Wer bei diesem Stoff Terrence Malick assoziert oder an die Struktur von „Apocalypse Now“ denkt, einer anderen Reise ins Herz der Finsternis, liegt nicht falsch. Aber auch typische Indie-Familiendramen kommen einem in den Sinn. Tatsächlich geht es in „Ad Astra“ im Grunde um eine ganz kleine Geschichte, die durch die stylishen Sci-Fi-Bilder des Ausnahmekameramanns Hoyte Van Hoytema aufgeblasen wird. Eine überzogene Erwartungshaltung in Richtung „Interstellar“ oder „Arrival“, mit den dazugehörigen Twists, könnte eventuell zu Enttäuschungen führen.

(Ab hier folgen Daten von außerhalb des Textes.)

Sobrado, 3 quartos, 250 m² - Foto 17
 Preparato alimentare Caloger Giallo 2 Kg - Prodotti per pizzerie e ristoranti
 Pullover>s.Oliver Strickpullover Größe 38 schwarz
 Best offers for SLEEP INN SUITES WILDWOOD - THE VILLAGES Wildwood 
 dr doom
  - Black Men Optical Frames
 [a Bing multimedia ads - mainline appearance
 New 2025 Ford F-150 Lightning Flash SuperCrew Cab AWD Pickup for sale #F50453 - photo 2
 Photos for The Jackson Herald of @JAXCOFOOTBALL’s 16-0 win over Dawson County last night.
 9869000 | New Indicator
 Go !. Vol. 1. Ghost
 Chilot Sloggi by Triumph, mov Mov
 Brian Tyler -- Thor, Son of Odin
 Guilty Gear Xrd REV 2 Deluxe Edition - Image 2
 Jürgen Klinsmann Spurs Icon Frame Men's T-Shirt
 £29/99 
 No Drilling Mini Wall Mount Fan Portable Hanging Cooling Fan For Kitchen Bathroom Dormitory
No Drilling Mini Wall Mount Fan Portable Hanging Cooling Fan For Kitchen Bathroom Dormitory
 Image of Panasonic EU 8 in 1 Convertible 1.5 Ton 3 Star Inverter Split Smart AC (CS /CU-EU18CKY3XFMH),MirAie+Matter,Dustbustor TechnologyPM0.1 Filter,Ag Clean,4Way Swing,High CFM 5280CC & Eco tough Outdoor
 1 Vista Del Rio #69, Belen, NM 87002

Groß darin ist neben der finalen Botschaft des Films aber vor allem der Hauptdarsteller, der das Geschehen gänzlich dominiert. 2019 scheint das Jahr von Brad Pitt zu sein, eben brillierte er noch als raubeiniger Stuntman bei Tarantino, jetzt bringt er den orientierungslosen Astronauten auf den Punkt. Kein männlicher Star seiner (Hollywood-) Generation fungiert so überzeugend als Bindeglied zwischen Kunst und Kommerz - und besticht mit Genrekino-Charisma im Arthouse-Umfeld.